I was fortunate during High School to have an inspirational History teacher, one that enthused about the subject and incited that enthusiasm for the subject in me. At the time of leaving school I thought seriously about going into the same rewarding job role but during the summer break I applied for a job in a manufacturing testing laboratory. During the following fourteen years I gained experience in quality control, production, sales and management, working with a diverse range of people. During this time, I attained experience of working to fixed deadlines and planning production schedules in advance, which became an excellent transferrable skill when the financial crisis started in 2008.
Whilst applying for new job opportunities following my redundancy, I again considered a teaching career but having just missed enrolment I undertook a position at the Department for Work and Pensions. I enthusiastically progressed as a civil servant into management putting my pathway to teaching on hold again. Over the next subsequent years working in the Child Support Agency I became the lead instructor for new staff and conducted training days for new policy implementation. My preparation proficiency and confidence increased substantially with each year, and I expanded my management skillset. The civil service office environment also presented me with the opportunity to work and train in a culturally diverse demographic that was substantially different from my previous job role. My final position in the Department was as the complaints liaison officer to Members of Parliament. This role presented itself with further learning opportunities in government policies, procedures and complex decisions.
Another employment change followed as I yearned to have more involvement with the public and I began self-employment as a taxi driver. This job role required patience, excellent communication skills and composure in highly charged situations with members of the public. However, my original preference of career never left me and so this year I enthusiastically started my Access Professions in Humanities Diploma on the road to becoming a History teacher.
As slight compensation to myself for the change in my career path years before, I have travelled to many historical sights and places all over the world and undertook my own personal study of the subject I have remained ardent about. Memorable visits include the American Museum of Natural History in New York, poignant stops at Auschwitz and Birkenau and the exploration of Rome and the Vatican City. Later this year I am also undertaking a road trip across the Southern States of America, stopping at civil war and slave trade historical sites along the way.
Many years ago, I felt regret that I had not gone to college and university immediately after high school. But now with additional maturity gained from adventurous travelling, learning opportunities and employment experience I feel I am in the most assured position I have ever been to progress into university and then onwards to teacher training equipped with the life skills I have acquired with my diverse range of employment.

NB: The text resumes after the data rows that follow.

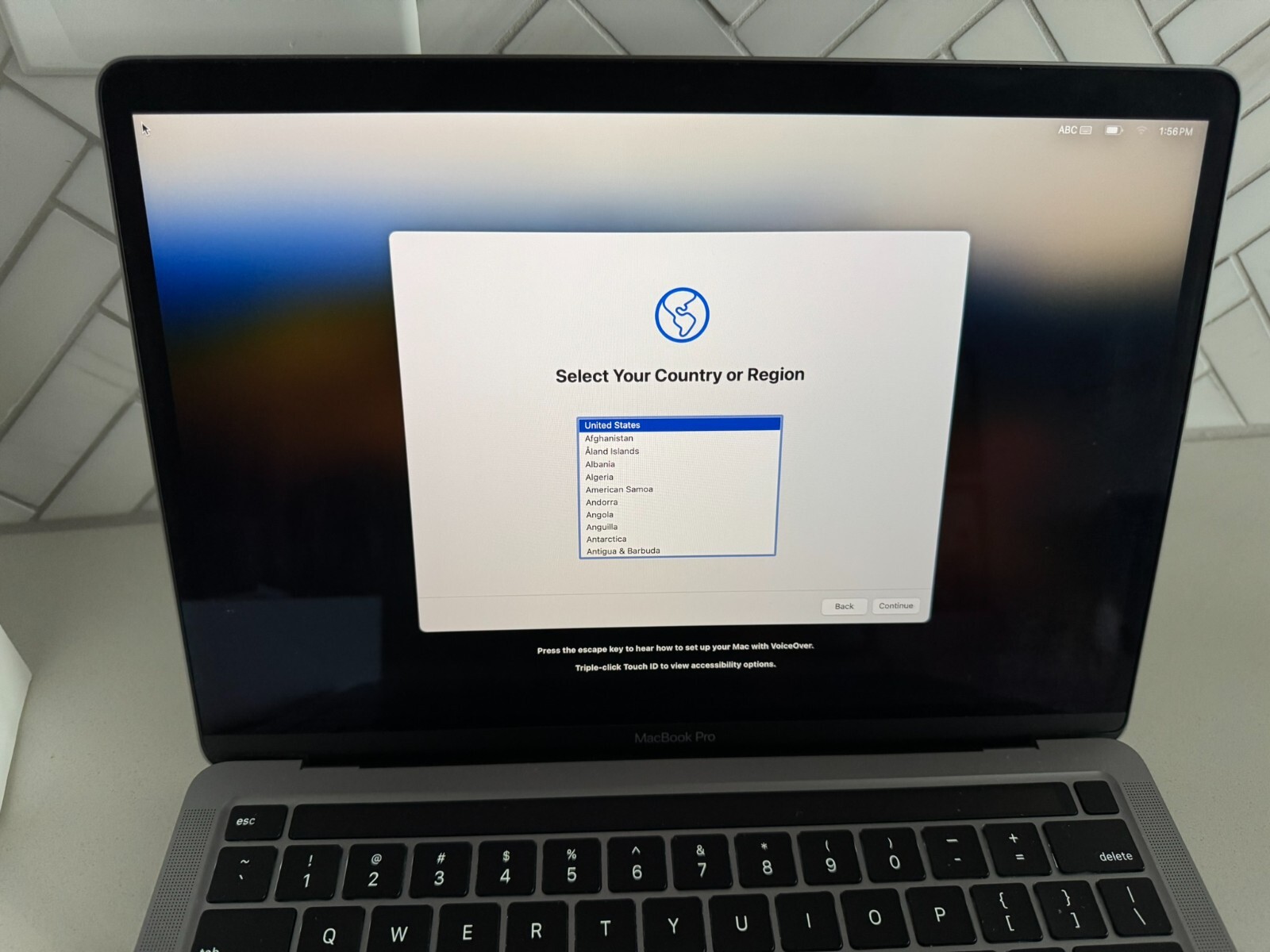 Apple MacBook Pro 13 in 2022 / Apple M2 3.48 GHz, 256 GB 8 GB RAM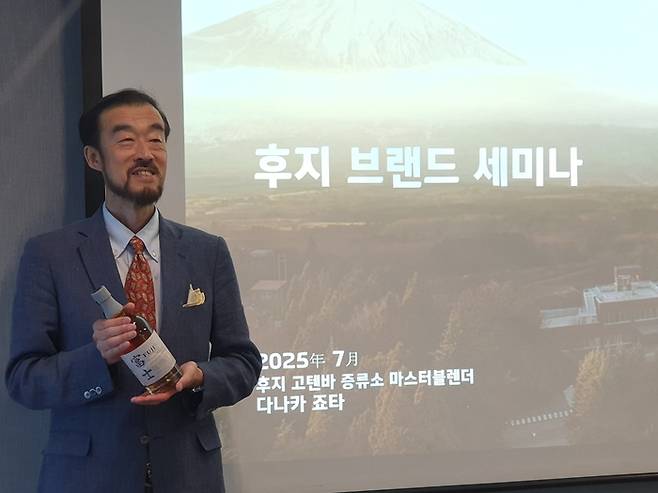 지난 25일 서울 서초구 사옥에서 만난 다나카 조타 고텐바 증류소 마스터 블렌더. [이효석 기자]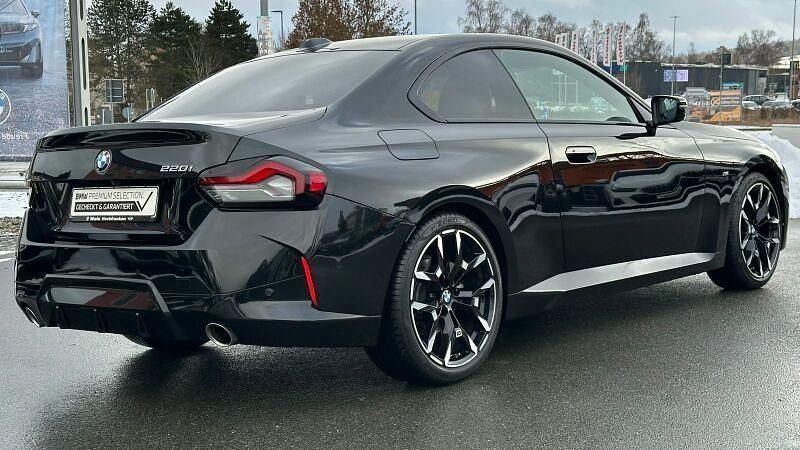 Gebraucht BMW 220 M Sport 184 PS (135 kW) 2025 Black sapphire metallic Coupé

Whilst currently completing my Access to HE Diploma, I am volunteering as a classroom assistant at Castle Hill High School, which is a special school for children with significant and complex needs. I have had the opportunity to watch the lesson planning, structure and delivery take place and develop an insight into the teaching profession that I wish to follow. During the lessons I work with a small group of children with a diverse range of learning difficulties, therefore the instruction and guidance I provide must be adjusted to each individual in my unit. This rewarding experience along with bringing up three sons has increased immeasurably my desire to pursue this career path. The next exciting step towards my career goal is to study history at university and I believe my application is strengthened with the maturity and life experience I have retained.